Provided by Darcy Lenz
Time 1h30m
Yield 9
Number Of Ingredients 15
Steps:
- Preheat the oven to 350 degrees F (175 degrees C). Grease an 8-inch square baking pan and line the bottom and sides with parchment paper, leaving a 1-inch overhang. Lightly grease parchment.
- Make the brownies: Melt butter in a small saucepan over medium-low heat; once melted, stir in the chocolate chips. Stir until the chocolate is completely melted and mixture is smooth; set aside and allow the mixture to cool to room temperature.
- Whisk flour, cocoa powder, salt, and baking powder together in a medium mixing bowl; set aside.

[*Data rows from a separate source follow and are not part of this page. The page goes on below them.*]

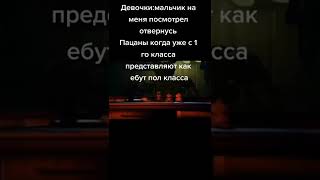 гиве ве фак #мемы #тикток #фнаф #фонк #музыка #рофл #шутка #tiktok #youtube #shorts #fnaf #phonk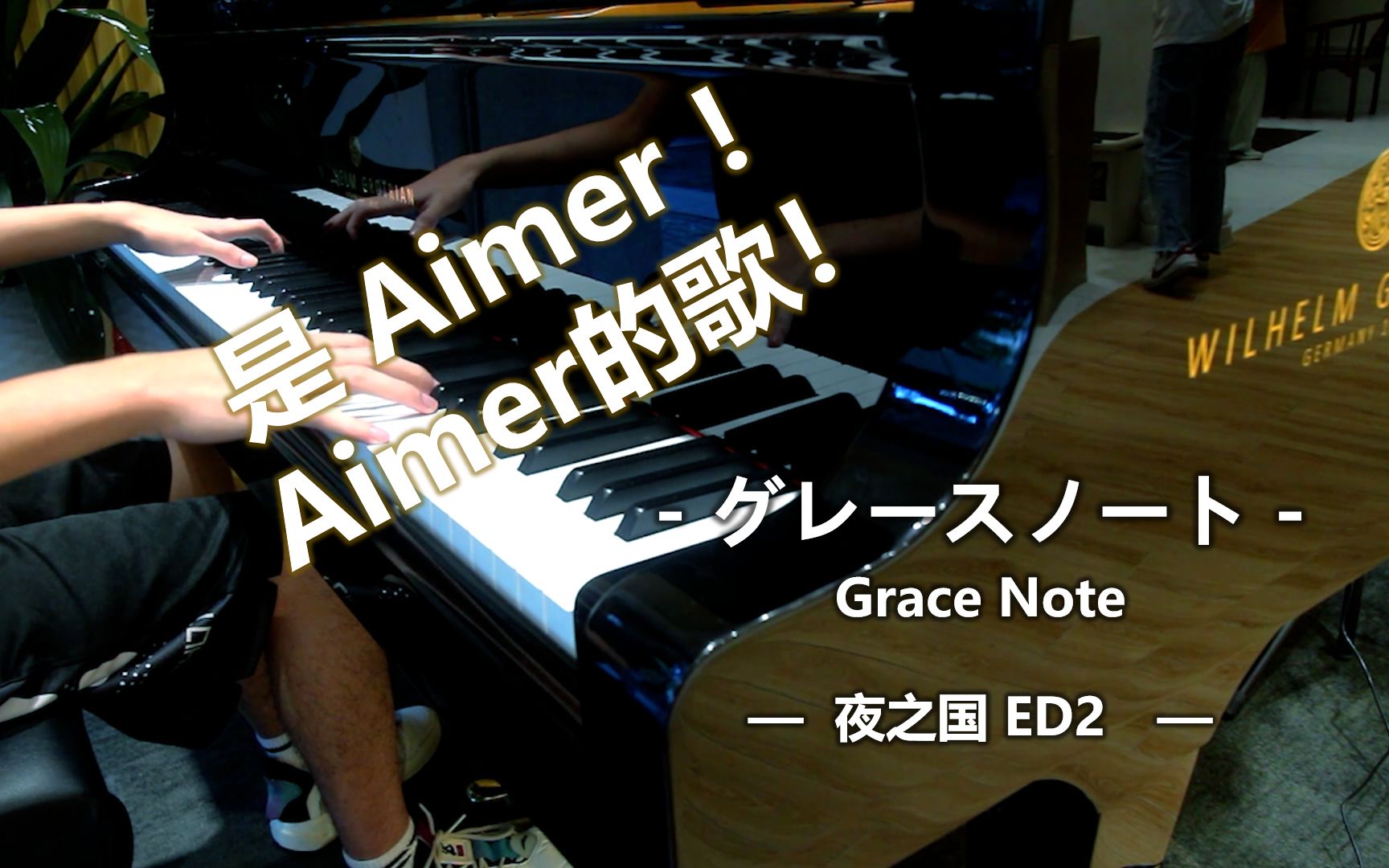 【钢琴/Aimer】夜之国 第2夜 ED  グレースノート (Grace note) 钢琴即兴翻弹哔哩哔哩bilibili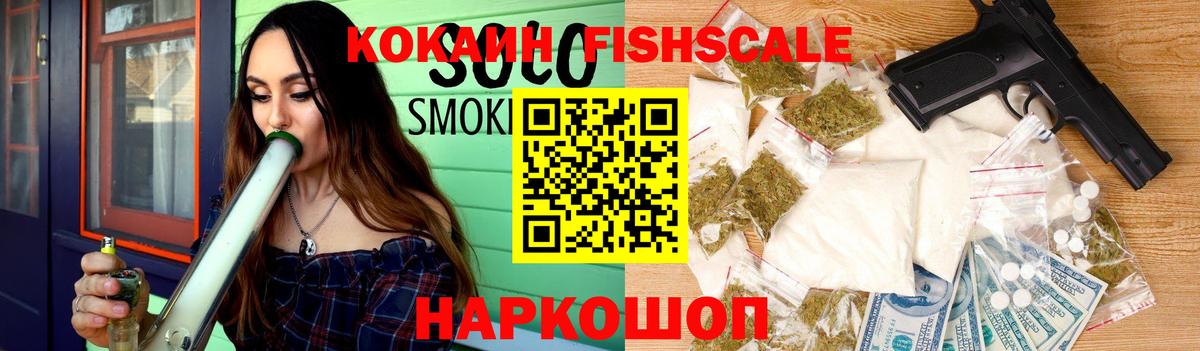 Павлово  Кокаин Fish Scale  Вход с VPN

- Combine sugar and eggs in a large mixing bowl; beat with an electric mixer at medium speed until pale and fluffy. Mix in vanilla. Mix in the cooled, melted chocolate, adding it to the bowl in a slow, steady stream. Mix in the dry ingredients in increments, at low speed, until just combined. Finish incorporating the batter by hand with a rubber spatula if necessary. Scrape the batter into prepared pan.
- Bake in the preheated oven until brownies begin to pull away from the sides of pan and a toothpick inserted into the center of the brownies tests clean, 30 to 35 minutes. Place the pan on a wire rack and allow brownies to cool completely, 30 to 40 minutes.
- To prepare the topping, spread the raspberry jam evenly over the brownies in the pan, spreading right to the edge. Arrange the whole raspberries in a single layer over the jam.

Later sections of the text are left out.